H.fr : Cela peut-il permettre une meilleure prise en compte des personnes handicapées de la part des candidats ? Un électorat à ne plus négliger...
SC : Evidemment. A partir du moment où ce droit de vote sera pleinement reconnu, les candidats devront adapter leurs discours mais aussi leurs programmes en FALC (facile à lire et à comprendre) afin d'être intelligibles et compréhensibles pour le plus grand nombre.
H.fr : Y a t il des opposants à cette idée ? Par exemple au sein de la magistrature ?

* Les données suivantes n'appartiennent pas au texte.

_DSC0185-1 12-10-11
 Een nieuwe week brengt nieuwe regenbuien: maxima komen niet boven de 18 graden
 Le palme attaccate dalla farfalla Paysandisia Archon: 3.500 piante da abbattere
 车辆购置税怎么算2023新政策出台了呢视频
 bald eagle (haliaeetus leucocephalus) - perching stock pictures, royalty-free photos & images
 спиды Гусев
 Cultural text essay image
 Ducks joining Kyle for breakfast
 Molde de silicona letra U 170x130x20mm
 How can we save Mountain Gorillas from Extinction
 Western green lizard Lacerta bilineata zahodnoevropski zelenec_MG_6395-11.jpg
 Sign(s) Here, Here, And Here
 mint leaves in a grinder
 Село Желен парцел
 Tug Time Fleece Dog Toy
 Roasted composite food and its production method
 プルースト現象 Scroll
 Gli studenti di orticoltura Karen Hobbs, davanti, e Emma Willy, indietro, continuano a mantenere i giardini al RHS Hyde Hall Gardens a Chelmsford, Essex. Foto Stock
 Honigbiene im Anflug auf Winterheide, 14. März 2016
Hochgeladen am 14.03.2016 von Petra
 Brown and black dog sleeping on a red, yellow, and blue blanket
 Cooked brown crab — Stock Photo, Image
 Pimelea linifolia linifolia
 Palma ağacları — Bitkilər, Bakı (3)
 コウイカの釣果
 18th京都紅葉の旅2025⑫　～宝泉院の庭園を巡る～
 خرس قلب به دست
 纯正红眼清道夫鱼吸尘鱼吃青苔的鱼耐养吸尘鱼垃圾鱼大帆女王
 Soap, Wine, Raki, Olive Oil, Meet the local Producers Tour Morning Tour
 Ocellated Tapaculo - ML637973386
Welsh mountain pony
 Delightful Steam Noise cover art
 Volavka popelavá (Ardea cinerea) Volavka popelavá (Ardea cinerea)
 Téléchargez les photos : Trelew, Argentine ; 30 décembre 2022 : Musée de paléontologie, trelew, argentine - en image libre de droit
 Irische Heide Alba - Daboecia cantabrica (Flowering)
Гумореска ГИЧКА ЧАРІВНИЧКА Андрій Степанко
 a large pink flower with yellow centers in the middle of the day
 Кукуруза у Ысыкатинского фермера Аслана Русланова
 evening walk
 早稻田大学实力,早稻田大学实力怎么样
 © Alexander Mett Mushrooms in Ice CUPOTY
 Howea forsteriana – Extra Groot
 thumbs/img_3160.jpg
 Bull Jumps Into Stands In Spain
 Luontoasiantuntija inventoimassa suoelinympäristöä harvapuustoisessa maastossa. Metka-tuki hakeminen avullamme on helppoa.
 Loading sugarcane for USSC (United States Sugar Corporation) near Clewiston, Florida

SC : Il ne faut pas se le cacher , il y a des craintes anciennes sur cette question, et le risque que la reconnaissance de ce droit ferait porter sur la sincérité des votes. Je tiens à souligner que les magistrats sont de réels alliés sur ce sujet. Ainsi, l'Association nationale des juges d'instance s'est exprimée récemment en faveur du maintien systématique du droit de vote à toutes les personnes placées sous mesure de protection. Je suis heureuse de constater que les travaux effectués dans le cadre du groupe de travail interministériel et interprofessionnel dont j'ai confié la présidence à Anne Caron Déglise, conjointement avec Nicole Bellobet et Agnès Buzyn, ont permis de faire avancer l'ensemble des parties prenantes. Je crois qu'il y a désormais un réel consensus sur la mise en place d'une mesure unique de protection judiciaire beaucoup plus respectueuse de l'autonomie des personnes et du respect de leur volonté. Le rapport de ce groupe doit nous être remis prochainement : il doit permettre d'avancer très rapidement dans la mise en œuvre de la décision historique annoncée par le Président de la République.